[Exercise details]: Give the number of lines below that contain the string "Grey", and no other text.

[Materials provided]:
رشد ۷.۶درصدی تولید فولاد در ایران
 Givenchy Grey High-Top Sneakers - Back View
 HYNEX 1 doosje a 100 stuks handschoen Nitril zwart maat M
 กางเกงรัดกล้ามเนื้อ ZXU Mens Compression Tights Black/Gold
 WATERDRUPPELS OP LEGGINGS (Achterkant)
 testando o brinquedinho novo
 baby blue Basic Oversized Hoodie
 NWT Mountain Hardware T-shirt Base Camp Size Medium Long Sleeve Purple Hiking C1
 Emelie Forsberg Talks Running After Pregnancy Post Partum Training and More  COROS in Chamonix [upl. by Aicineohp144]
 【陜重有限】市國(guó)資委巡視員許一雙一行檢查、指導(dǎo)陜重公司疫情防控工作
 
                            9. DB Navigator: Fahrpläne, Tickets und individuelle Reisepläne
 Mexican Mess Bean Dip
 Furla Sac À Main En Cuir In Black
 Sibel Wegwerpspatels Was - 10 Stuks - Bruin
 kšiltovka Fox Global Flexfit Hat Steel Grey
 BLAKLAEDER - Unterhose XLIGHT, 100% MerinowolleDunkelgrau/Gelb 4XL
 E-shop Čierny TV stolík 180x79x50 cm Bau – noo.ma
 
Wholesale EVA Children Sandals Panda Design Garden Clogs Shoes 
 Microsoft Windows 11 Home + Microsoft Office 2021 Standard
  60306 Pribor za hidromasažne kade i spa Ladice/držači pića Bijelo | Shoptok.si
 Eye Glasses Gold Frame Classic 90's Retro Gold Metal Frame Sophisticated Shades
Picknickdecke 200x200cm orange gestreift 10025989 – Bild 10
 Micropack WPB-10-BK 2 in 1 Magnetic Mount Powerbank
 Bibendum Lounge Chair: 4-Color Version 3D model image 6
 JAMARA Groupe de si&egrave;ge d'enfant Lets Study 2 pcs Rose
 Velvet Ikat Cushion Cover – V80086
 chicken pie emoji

[Response]: 2